- Born: May 28, 1928 Mbrom, Ashanti Region – Ghana
- Died: 1981
- Spouse: Victoria Vivian
- Children: 4
- Parent(s): Kojo Paintsil Adjoa Kwansima
- Religion: Christianity
- Congregations served: The Church of Pentecost
- Offices held: 1st General Secretary
- Title: Apostle, The Church of Pentecost

= Joseph Egyir-Paintsir =

Ghanaian Evangelist

Joseph Egyir-Paintsil (1928-1981) was a Ghanaian Evangelist, an Apostle and the first General Secretary of The Church of Pentecost (COP). He was the eighth son born of Opanyin Kojo Paintsir and Maame Adjoa Kwansima, a native of Abura-Dunkwa in the Central Region (Ghana). He was called into full-time ministry of COP in 1949, ordained as a Pastor in 1952 and, subsequently, appointed General Secretary the same year.

==Education and employment==
Egyir-Paintsil started his primary school education at the Salvation Army School, Kumasi in 1934 and completed it at Dunkwa Methodist, passing with distinction. He was awarded a scholarship to attend Achimota College but, due to financial constraint, he could not attend.

Rev. Egyir-Paintsil was employed by the Swiss United African Company.

== Marriage ==
Egyir-Paintsil was married to Vivian Amma Baawa Arkosah in 1954 at Kumasi. They had four children from the marriage: Joseph K. Paintsir, Elizabeth Jemimah Lamont Nana-Aba Paintsil, Sophia McKeown Araba Kokoa Paintsil and Victoria Patience Adjoa Paintsir.

== Full time ministry==
Asare Bediako claims Joseph Egyir-Paintsil inteprated Rev. James McKeown sermons and was part of an evangelistic group known among Ghanaian Pentecostal as "the Bombers". He was called into full-time ministry and stationed at Akim Oda as an Overseer in 1949. He was ordained as a Pastor and an Apostle in 1952 and 1953, respectively.

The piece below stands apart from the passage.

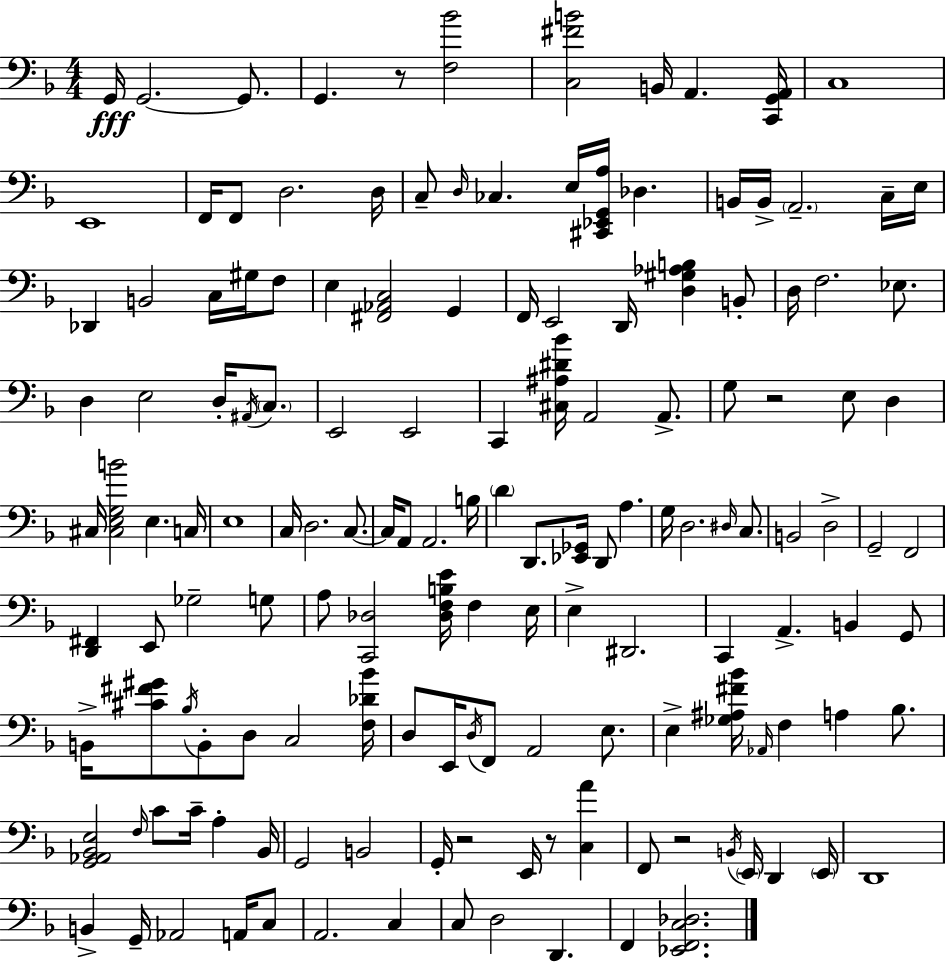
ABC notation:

Throughout his career Egyir-Paintsir served in Akim Oda (1950), Saltpond (1950–1951), Achiase (1951–1952), Accra (1952–1953), Koforidua (1953), Takoradi (1953–1958), Kumasi (1958–1965), and Accra (1965–1981).

==Administration==
Joseph Egyir-Paintsil served as the first General Secretary of The Church of Pentecost (COP). The Church claims that he supported the founder of (COP), Rev. James McKeown during the conflicts between the Church of Pentecost and Ghana Apostolic Church.

In order to resolve the dispute, Osagyefo Kwame Nkrumah met leadership of C.O.P and Apostolic Church of Ghana. It is believed that Rev. Paintsil impressed the first President of the Country that he told his confidants at the meeting, Dowuona Hammond (Minister of Education) and Tawia Adamafio (Minister of Interior): "This young man Paintsil is highly intelligent and a nationalist. His church will stand." Among the roles played by Paintsil at the Head Office after the rebranding of the church were;

He represented the church during its affiliation process with the Elim Pentecostal Church. This resulted in the church hosting Missionaries from Elim, receiving support in training of officers and support for establishing a Press House. The birth of Pentecost Fire and Radio Ministry was realized because of his collaboration with Mr. Kafui Asem.

Together with Rev. James McKeown, he performed the opening ceremony Pentecost Bible College in 1972 which is now Pentecost University College.

==Relationship with other organization==
Apostle Egyir-Paintsil was one of the founding members of the Ghana Pentecostal and Charismatic Council. He served as its first vice-chairman and later president till his death. He supported the Bible Society Ghana and translated many sermons, from international evangelists who ministered in Ghana during his time in office, into local dialects.